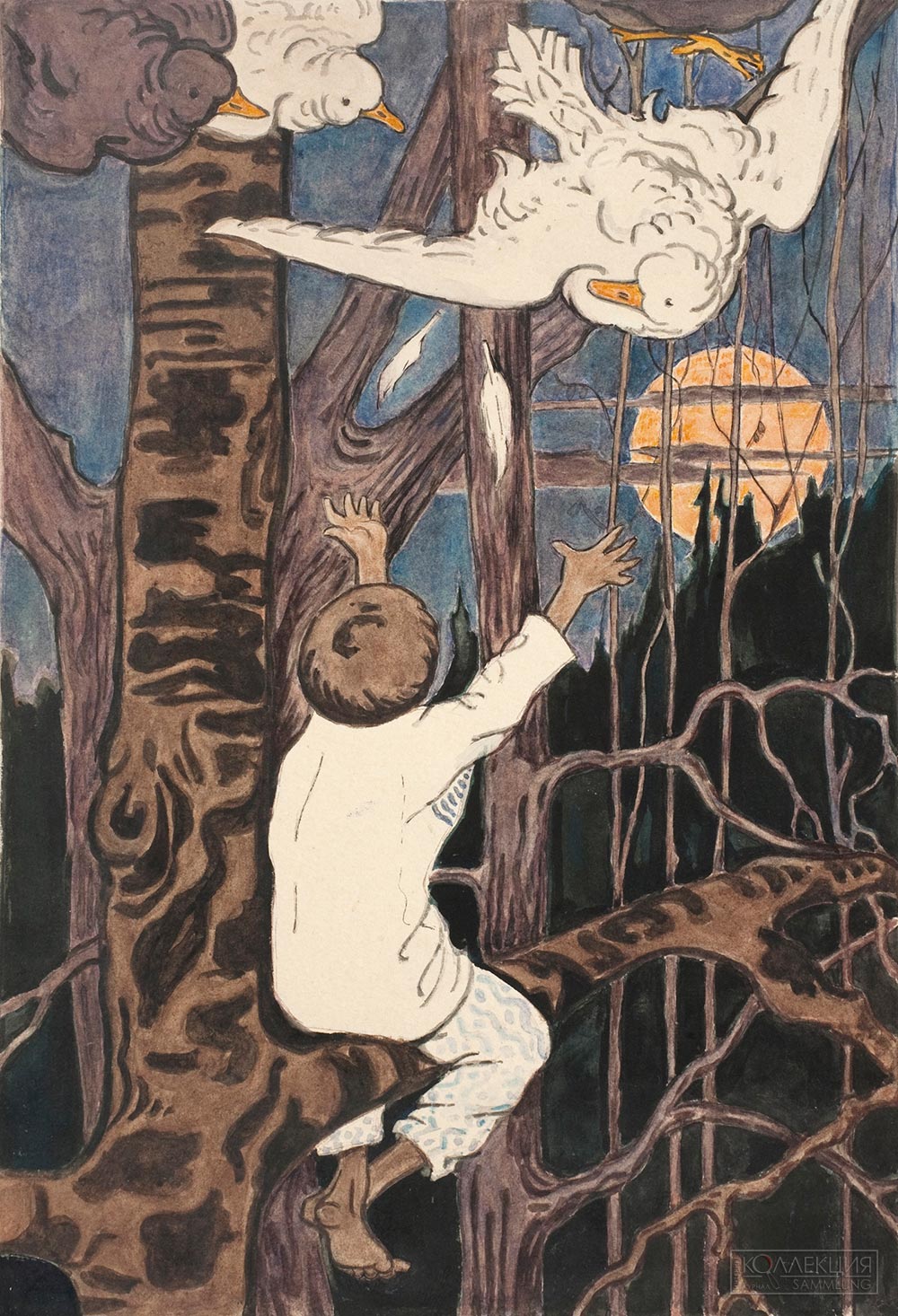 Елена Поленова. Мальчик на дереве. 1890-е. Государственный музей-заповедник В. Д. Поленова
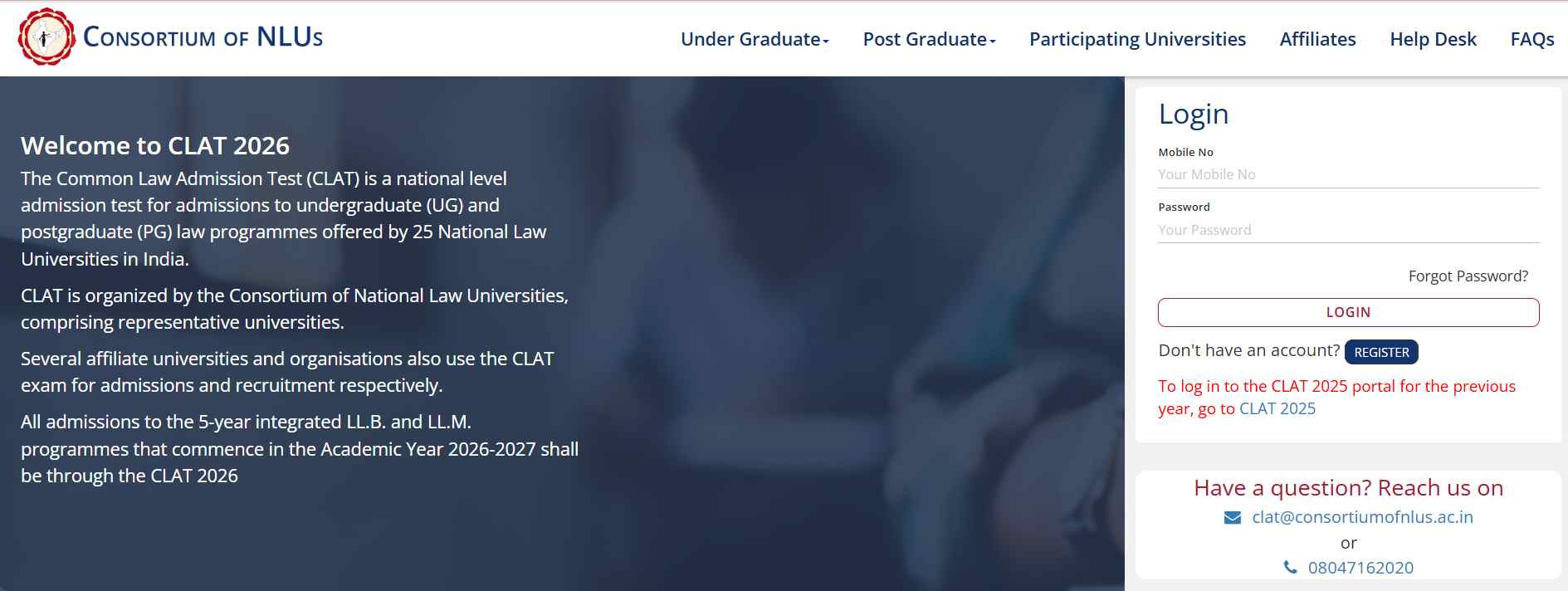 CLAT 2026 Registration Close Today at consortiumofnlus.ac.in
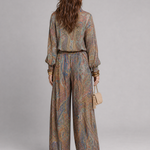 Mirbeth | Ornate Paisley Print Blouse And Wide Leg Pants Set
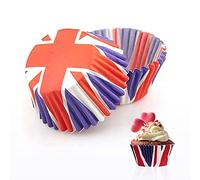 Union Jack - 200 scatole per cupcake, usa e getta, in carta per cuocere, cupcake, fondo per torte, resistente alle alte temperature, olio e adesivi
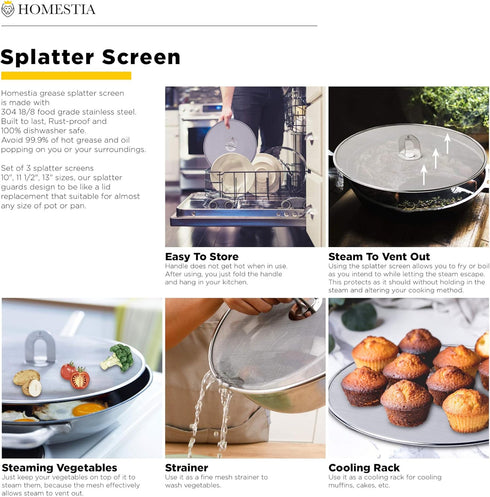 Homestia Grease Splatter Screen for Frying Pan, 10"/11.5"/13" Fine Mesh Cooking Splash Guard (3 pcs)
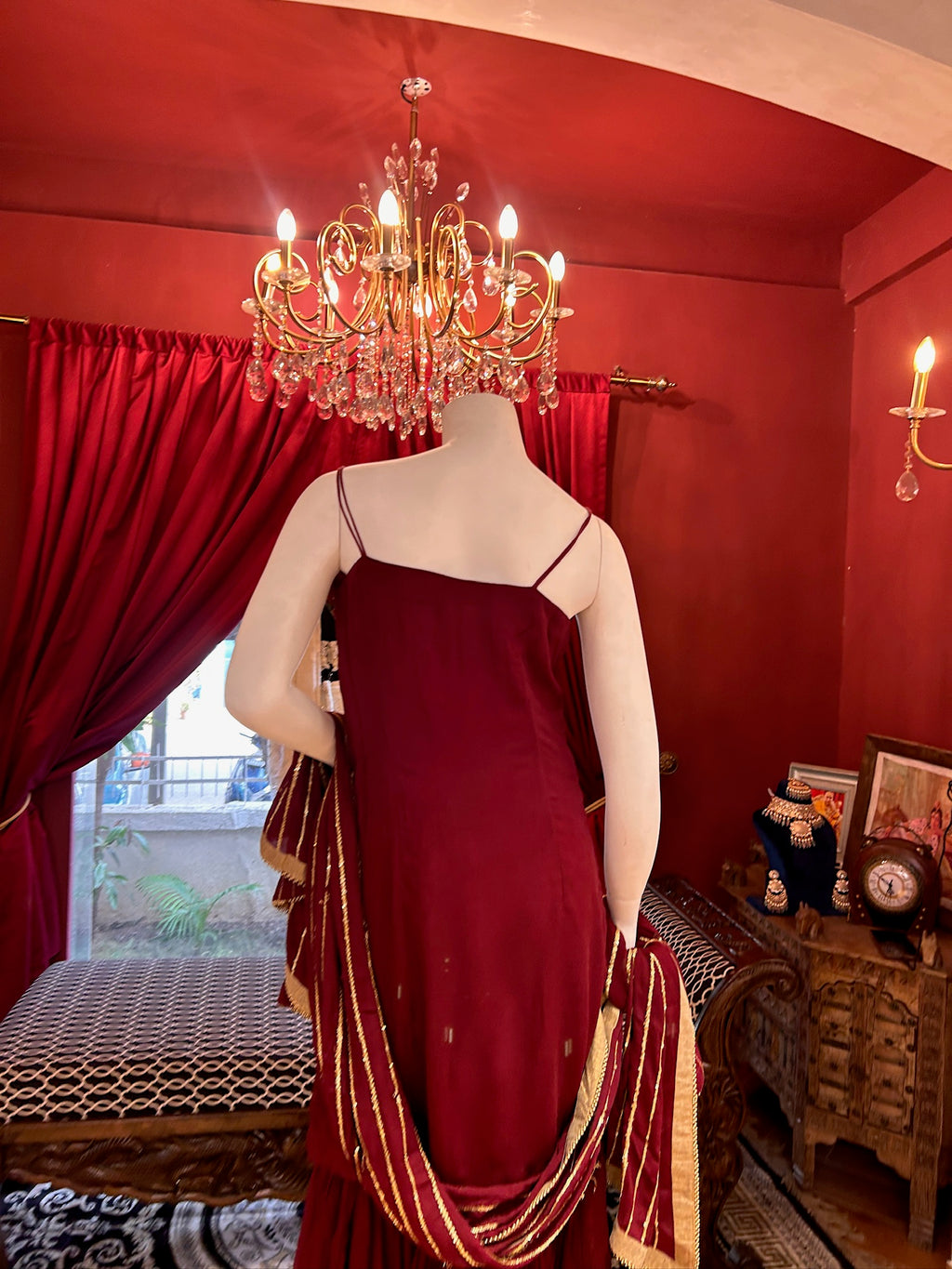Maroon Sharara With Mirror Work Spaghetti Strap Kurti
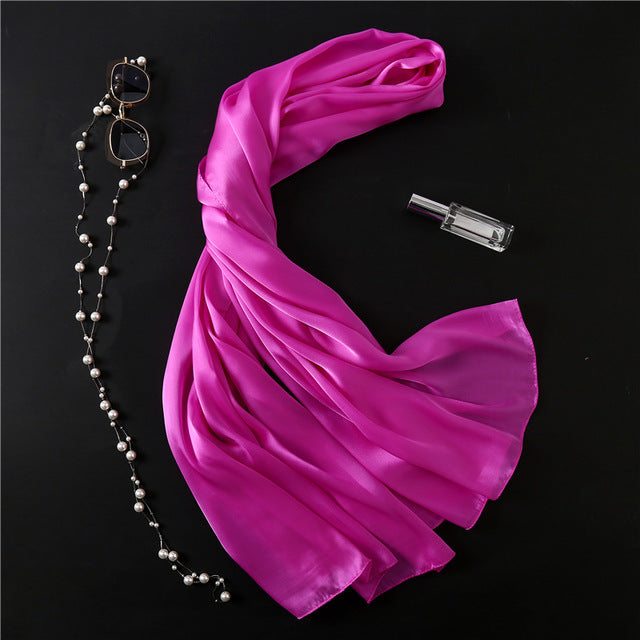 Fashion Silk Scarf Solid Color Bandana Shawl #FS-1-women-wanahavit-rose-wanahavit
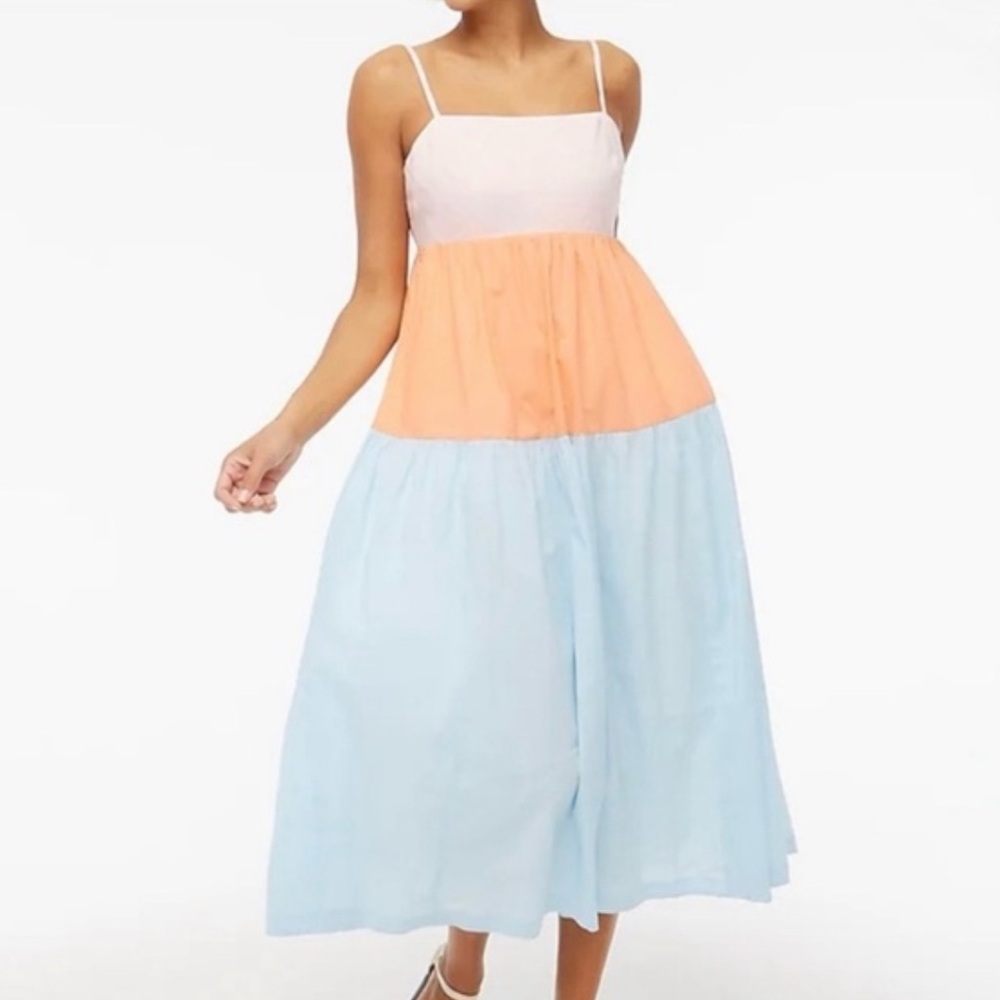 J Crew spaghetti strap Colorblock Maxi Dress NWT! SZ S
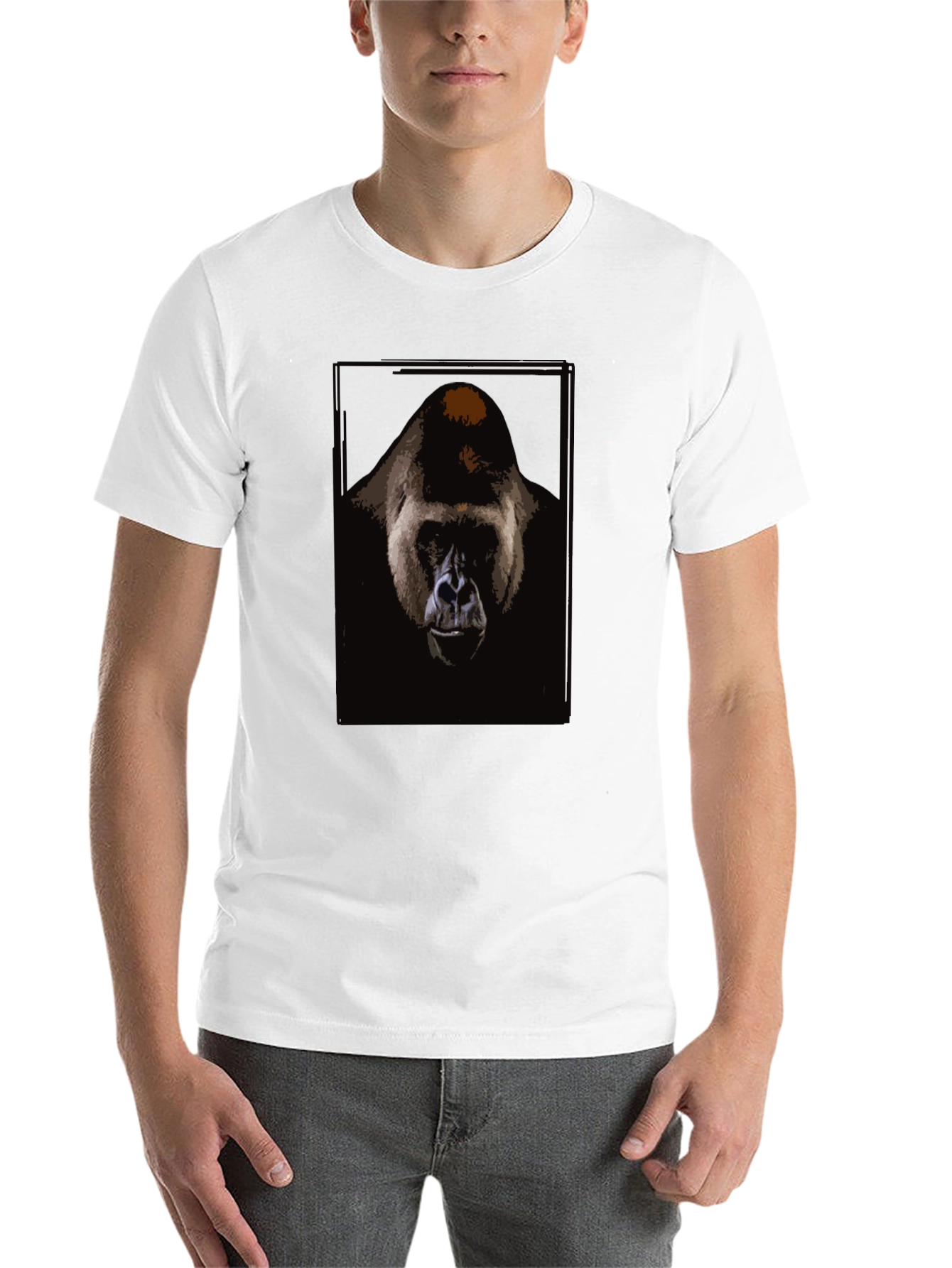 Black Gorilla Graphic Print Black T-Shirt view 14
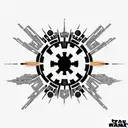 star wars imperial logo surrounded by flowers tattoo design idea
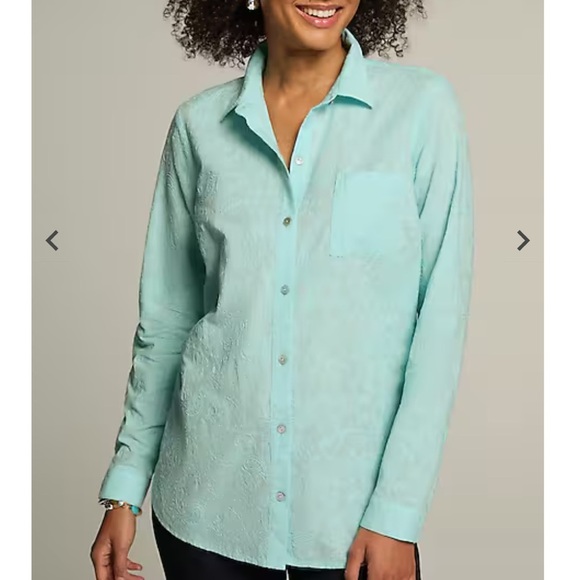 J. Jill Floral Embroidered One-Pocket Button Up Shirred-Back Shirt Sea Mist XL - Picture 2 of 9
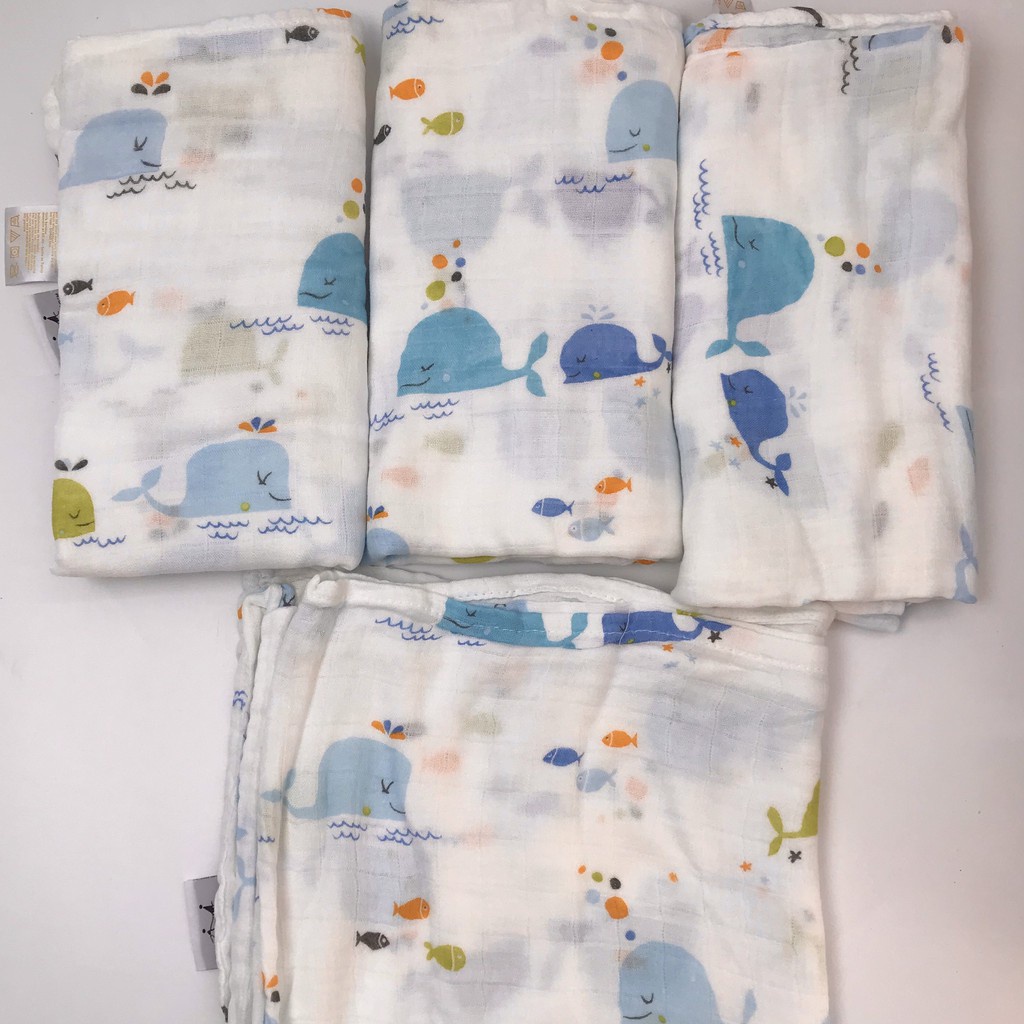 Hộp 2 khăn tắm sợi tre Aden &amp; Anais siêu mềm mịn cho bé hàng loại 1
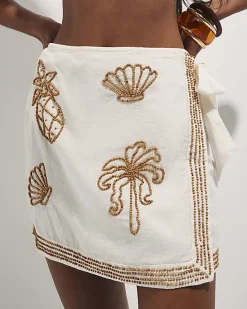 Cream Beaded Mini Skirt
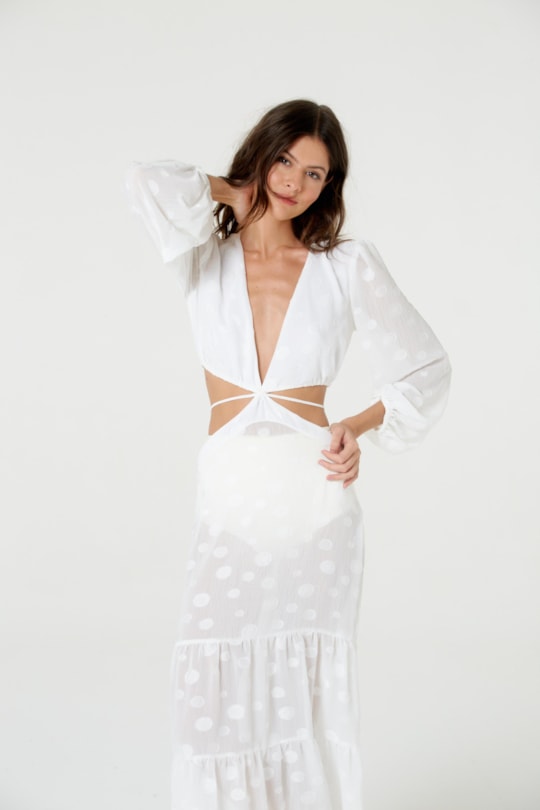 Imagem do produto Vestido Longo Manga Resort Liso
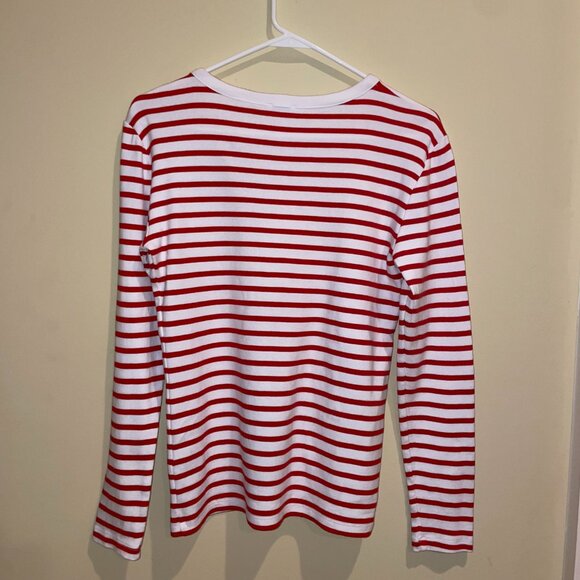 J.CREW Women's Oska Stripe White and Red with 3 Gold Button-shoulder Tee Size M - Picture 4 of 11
□ □ □ □ □ □ □
> _Task item_
Please transcribe each line above exactly, but leave the images out.

> _Response for this exercise_
 Елена Поленова. Мальчик на дереве. 1890-е. Государственный музей-заповедник В. Д. Поленова
 CLAT 2026 Registration Close Today at consortiumofnlus.ac.in
 Mirbeth | Ornate Paisley Print Blouse And Wide Leg Pants Set
 Union Jack - 200 scatole per cupcake, usa e getta, in carta per cuocere, cupcake, fondo per torte, resistente alle alte temperature, olio e adesivi
 Homestia Grease Splatter Screen for Frying Pan, 10"/11.5"/13" Fine Mesh Cooking Splash Guard (3 pcs)
Maroon Sharara With Mirror Work Spaghetti Strap Kurti
 Fashion Silk Scarf Solid Color Bandana Shawl #FS-1-women-wanahavit-rose-wanahavit
 J Crew spaghetti strap Colorblock Maxi Dress NWT! SZ S
 Black Gorilla Graphic Print Black T-Shirt view 14
 star wars imperial logo surrounded by flowers tattoo design idea
 J. Jill Floral Embroidered One-Pocket Button Up Shirred-Back Shirt Sea Mist XL - Picture 2 of 9
 Hộp 2 khăn tắm sợi tre Aden &amp; Anais siêu mềm mịn cho bé hàng loại 1
 Cream Beaded Mini Skirt
 Imagem do produto Vestido Longo Manga Resort Liso
 J.CREW Women's Oska Stripe White and Red with 3 Gold Button-shoulder Tee Size M - Picture 4 of 11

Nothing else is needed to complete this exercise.